THE WILES OF THE ODYSSEY

Will Fries
8 min readMar 13, 2022

An excerpt from The Origin of Consciousness in the Break Down of the Bicameral Mind By Julian Jaynes

First Published in 1976

Photo by Michael on Unsplash

After the Iliad, the Odyssey. And anyone reading these poems freshly and consecutively sees what a gigantic vault in mentality it is! There are of course some scholars who still like to think of these two huge epics as being written down and even composed by one man named Homer, the first in his youth and the second in his maturity. The more reasonable view, I think, is that the Odyssey followed the Iliad by at least a century or more, and, like its predecessor, was the work of a succession of aoidoi rather than any one man.

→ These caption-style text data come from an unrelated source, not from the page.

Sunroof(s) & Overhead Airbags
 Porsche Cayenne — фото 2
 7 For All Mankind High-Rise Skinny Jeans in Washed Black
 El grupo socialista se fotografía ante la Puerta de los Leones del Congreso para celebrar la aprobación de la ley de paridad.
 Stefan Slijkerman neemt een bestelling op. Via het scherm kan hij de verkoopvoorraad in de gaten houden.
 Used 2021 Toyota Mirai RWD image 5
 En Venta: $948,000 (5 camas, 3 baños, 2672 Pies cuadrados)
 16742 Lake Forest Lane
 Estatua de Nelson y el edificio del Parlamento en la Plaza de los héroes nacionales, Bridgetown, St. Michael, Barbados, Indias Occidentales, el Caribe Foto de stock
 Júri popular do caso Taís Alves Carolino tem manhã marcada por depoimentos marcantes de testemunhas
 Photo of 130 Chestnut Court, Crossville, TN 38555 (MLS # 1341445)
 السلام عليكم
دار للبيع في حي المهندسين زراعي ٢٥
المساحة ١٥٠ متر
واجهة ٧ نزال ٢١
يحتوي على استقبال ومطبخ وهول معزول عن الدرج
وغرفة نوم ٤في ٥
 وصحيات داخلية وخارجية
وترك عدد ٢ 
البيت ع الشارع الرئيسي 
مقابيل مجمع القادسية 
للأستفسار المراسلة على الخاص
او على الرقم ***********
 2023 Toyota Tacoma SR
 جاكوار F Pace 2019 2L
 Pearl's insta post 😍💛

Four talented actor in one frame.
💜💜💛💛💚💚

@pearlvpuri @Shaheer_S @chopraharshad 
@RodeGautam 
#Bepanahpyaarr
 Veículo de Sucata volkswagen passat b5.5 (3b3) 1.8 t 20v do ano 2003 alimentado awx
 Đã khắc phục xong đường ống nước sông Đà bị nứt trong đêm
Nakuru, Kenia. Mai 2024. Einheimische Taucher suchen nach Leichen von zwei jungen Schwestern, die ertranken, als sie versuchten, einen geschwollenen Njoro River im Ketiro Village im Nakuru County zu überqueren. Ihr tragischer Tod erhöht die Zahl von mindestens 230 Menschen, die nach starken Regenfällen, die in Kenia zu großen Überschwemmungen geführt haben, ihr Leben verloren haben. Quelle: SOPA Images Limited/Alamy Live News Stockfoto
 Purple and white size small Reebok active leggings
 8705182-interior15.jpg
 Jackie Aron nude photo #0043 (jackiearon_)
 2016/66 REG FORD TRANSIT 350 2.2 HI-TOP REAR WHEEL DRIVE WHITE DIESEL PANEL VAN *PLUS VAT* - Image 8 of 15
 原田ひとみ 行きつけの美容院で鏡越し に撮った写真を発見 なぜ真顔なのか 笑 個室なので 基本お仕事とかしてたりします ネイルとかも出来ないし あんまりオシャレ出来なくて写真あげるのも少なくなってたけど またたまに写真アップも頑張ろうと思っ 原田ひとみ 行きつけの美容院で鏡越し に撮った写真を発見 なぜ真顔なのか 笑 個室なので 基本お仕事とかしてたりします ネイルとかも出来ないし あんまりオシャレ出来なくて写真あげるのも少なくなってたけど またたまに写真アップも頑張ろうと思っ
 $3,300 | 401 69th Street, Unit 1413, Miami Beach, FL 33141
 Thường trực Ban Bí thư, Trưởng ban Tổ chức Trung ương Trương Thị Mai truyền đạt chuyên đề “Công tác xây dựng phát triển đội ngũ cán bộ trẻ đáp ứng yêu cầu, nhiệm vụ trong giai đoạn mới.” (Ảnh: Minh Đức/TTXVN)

But, unlike the predecessor, the Odyssey is not one epic but a series of them. The originals were probably about different heroes, and brought together around Odysseus at a later time. Why this happened is not hard to unravel. Odysseus, at least in some parts of Greece, had become the center of a cult that enabled conquered peoples to survive. He becomes “wily Odysseus” and later aoidoi perhaps inserted this epithet into the Iliad to remind their listeners of the Odyssey. Archaeological evidence indicates important dedications made to Odysseus some time after 1000 B.C. and definitely before 800 B.C. These were sometimes of bronze tripod caldrons curiously connected with the cult. They were such dedications as formerly would have been to a god. Contests in worship of him were held in Ithaca at least from the ninth century B.C., even as that island was about to be overrun again by new invasions from Corinth. In a word, Odysseus of the many devices is the hero of the new mentality of how to get along in a ruined and god-weakened world.

The Odyssey announces this in its very fifth word, polutropon = much turning. It is a journey of deviousness. It is the very discovery of guile, its invention and celebration. It sings of indirections and disguises and subterfuges, transformations and recognitions, drugs and forgetfulness, of people in other people’s places, of stories within stories, and men within men.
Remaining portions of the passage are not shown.